# Possible to fake round robin out of 1 sample set?



## diggler (Jan 22, 2012)

Is it possible to fake round robin groups out of 1 sample group. For instance apply group insert effects and alter the tuning a bit for copied groups of the same sample set. If there is a good way of doing this without effecting the volume too much of each group I would like to know. This would help conserve memory by using only one or two groups of samples for the base of round robins. If anybody has some tips I would be grateful thanks.


----------



## Reegs (Jan 22, 2012)

Sure. There's a number of scripts that do it. TKT Ultra, I believe SIPS has a module for it now, and (one I wrote) Robin Rocket.


----------



## Frederick Russ (Jan 22, 2012)

You can also create a second and third sample set from the original by using your pitch wheel controller - when samples are ready, you can then build your instrument in groups. I had to do this with Miroslav many years ago since the original did not have round robin at all. Worked great.


----------



## diggler (Jan 22, 2012)

Very nice thank you for the options this seems like it it will work great hopefully one of these scripts plays nice with kontakt 4 and 5. This would save me a lot of time if it works. Thanks for the tips I appreciate it.


----------



## José Herring (Jan 22, 2012)

There's also a pretty simple way to do it if your libraries are unlocked. I did this with SISS spicc and stacc samples.

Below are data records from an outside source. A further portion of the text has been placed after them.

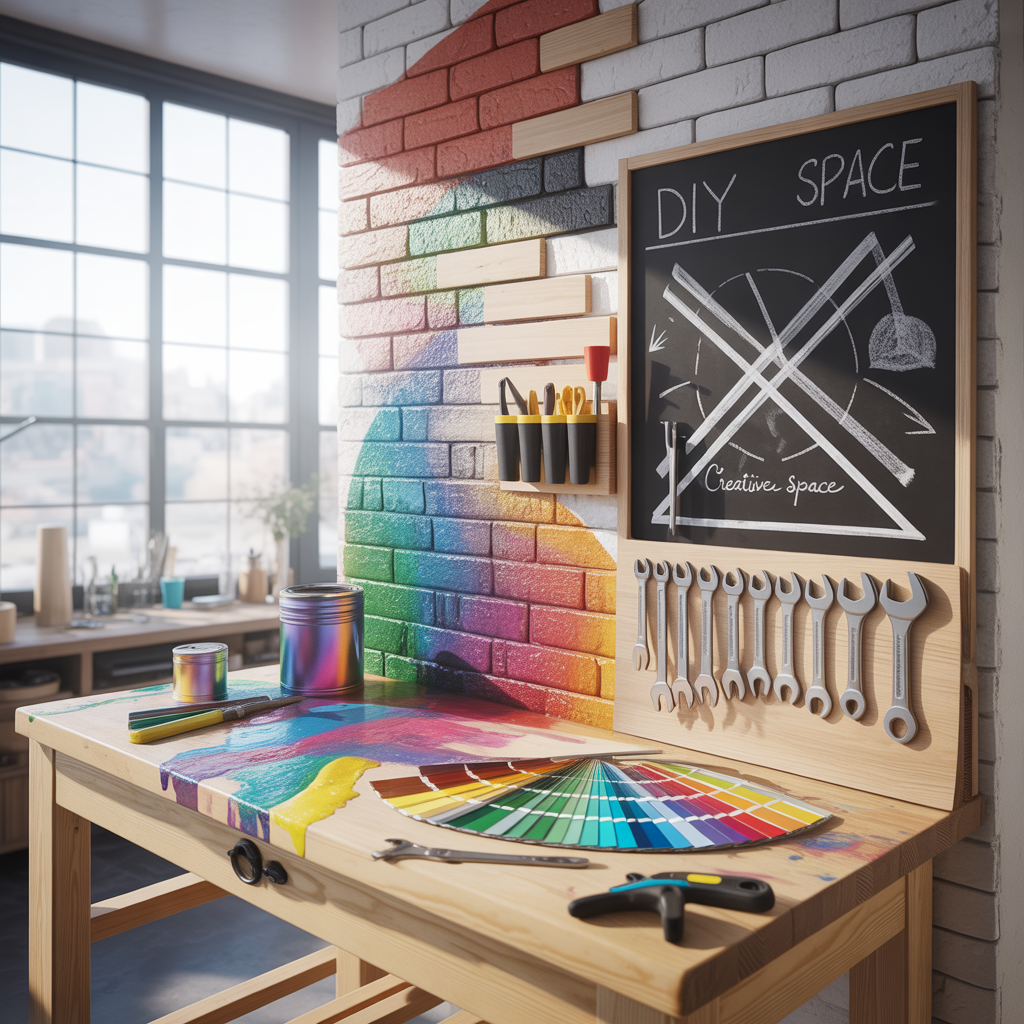 art background ideas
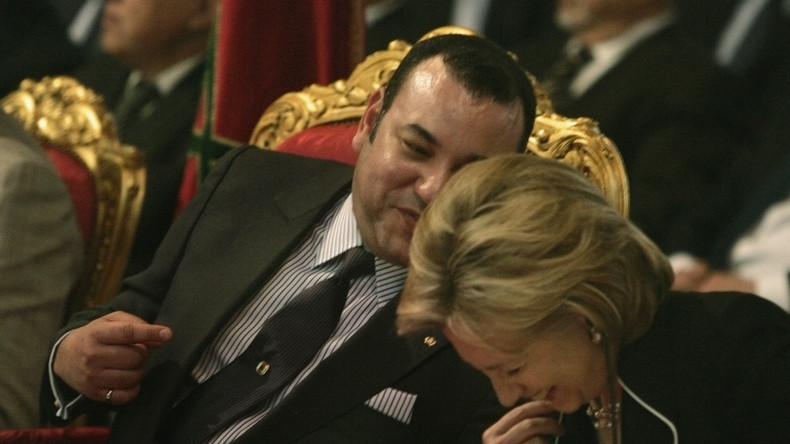 Le Maroc aurait versé 28 millions de dollars à la Fondation Clinton pour s'offrir ses «faveurs»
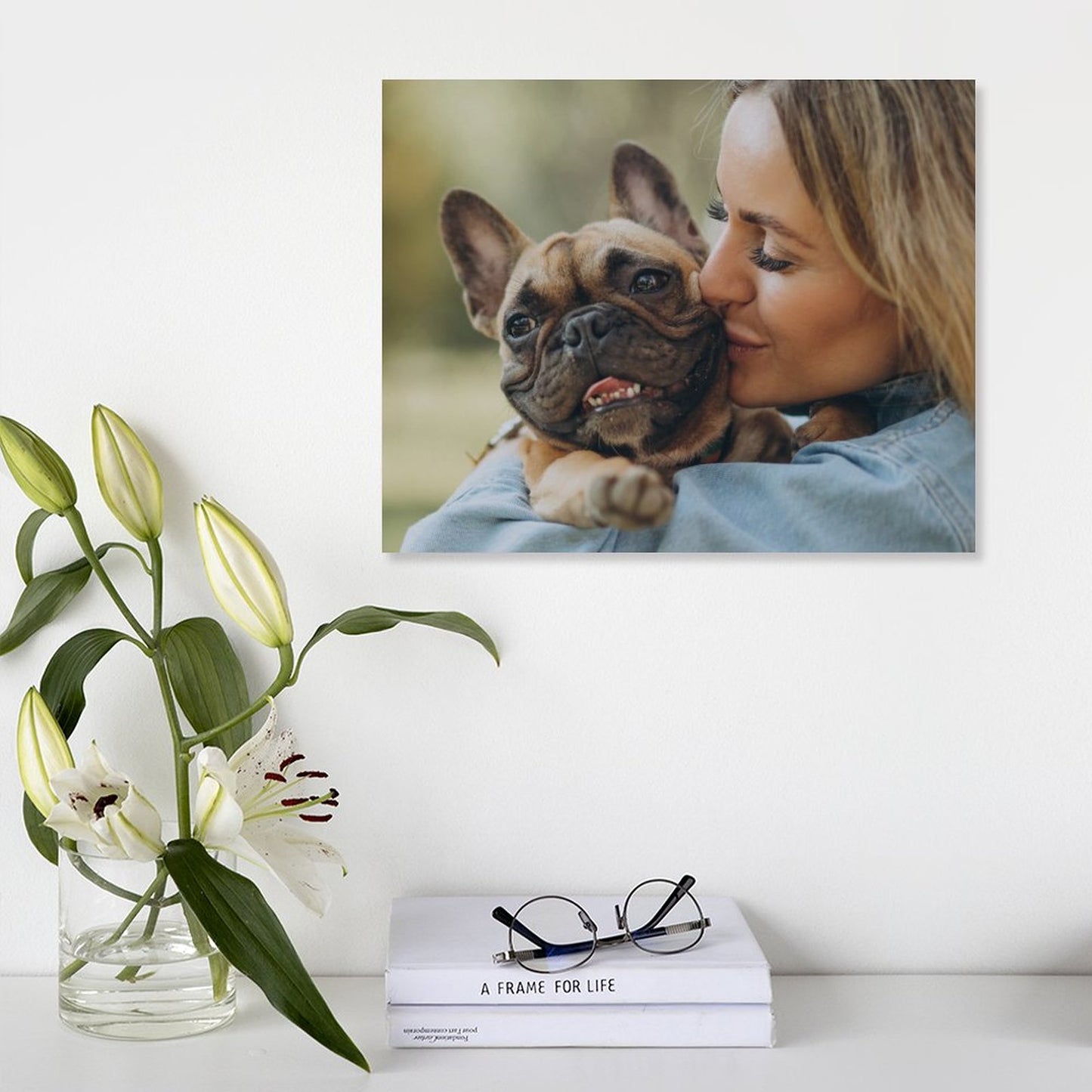 Custom Photo Canvas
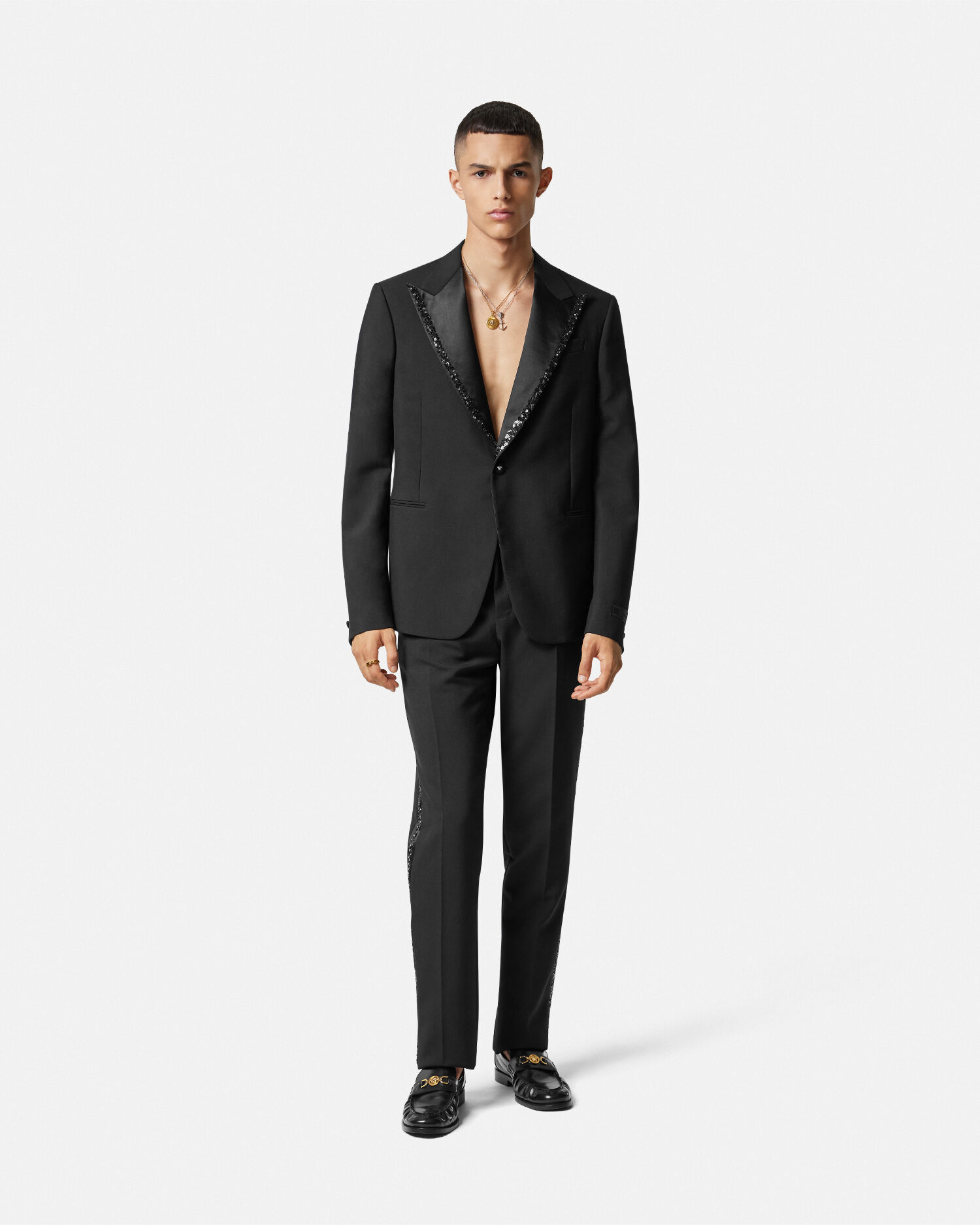 Trajes versace deals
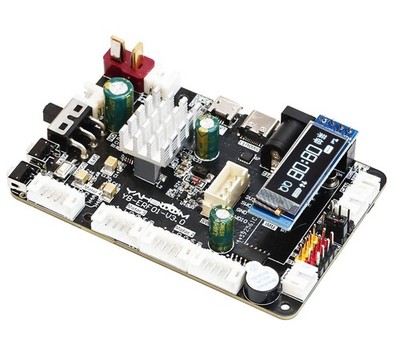 Robot Expansion Board V3.0 equipped with STM32F103RCT6 compatible Raspberry Pi 5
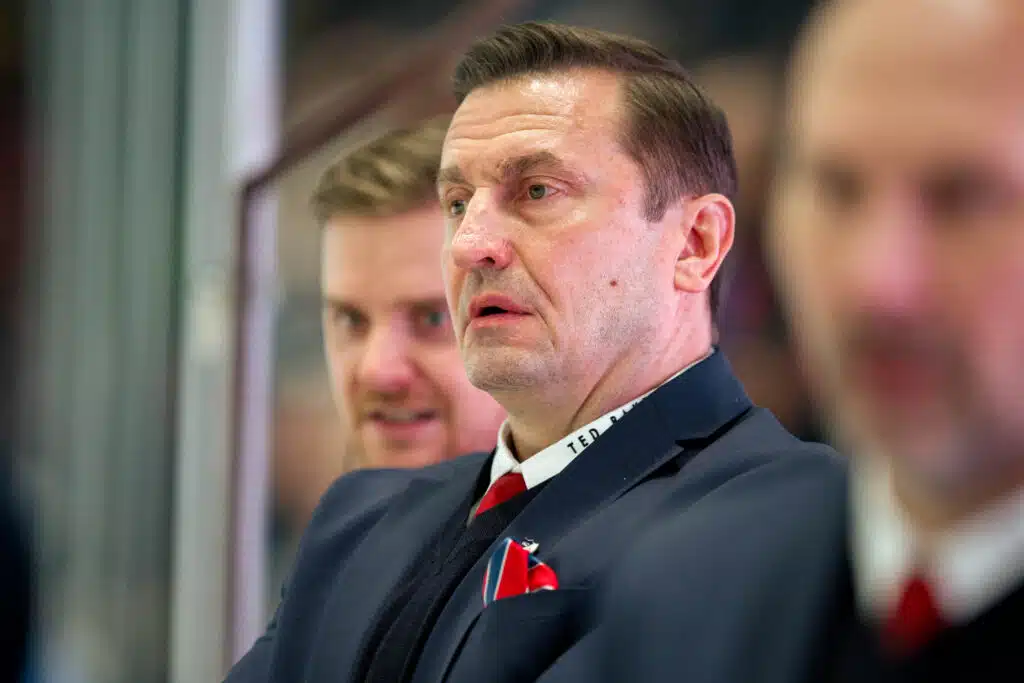 Ville Peltonen joutuu kovaan paikkaan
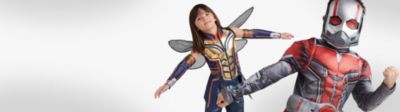 D&eacute;guisements Marvel Lorsque l&rsquo;on est fan d&rsquo;un personnage, on r&ecirc;ve souvent de lui ressembler ! Cela est possible gr&acirc;ce aux beaux d&eacute;guisements Marvel!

I created a 4 way round robin by creating a second, third, and fourth group of samples. I pitched the second group up a 1/2 step, the third group down a 1/2 step, and the fourth group a whole step. I can't remember the exact mechanics of how I did it, but its pretty easy to figure out. Like drag it up a half step, then turn off the option in kontakt that automatically pitches the notes if you drag them, then dragged it back down so that the notes would correspond to the correct pitches. Sound complicated, but it only took me about 15 min to figure out and do.

Then you just set up a round robin in Kontakt involving all groups. Worked like a charm.


----------



## diggler (Jan 22, 2012)

Great methods here guys thank you so much for the insight. This is a real time and memory saver and the outcome is sounding great so far wow I am grateful.


----------



## José Herring (Jan 22, 2012)

I did a horrible job of explaining what I did, but the key is to pitch the surrounding samples down or up so that you trigger different samples in your round robin, but the same pitches.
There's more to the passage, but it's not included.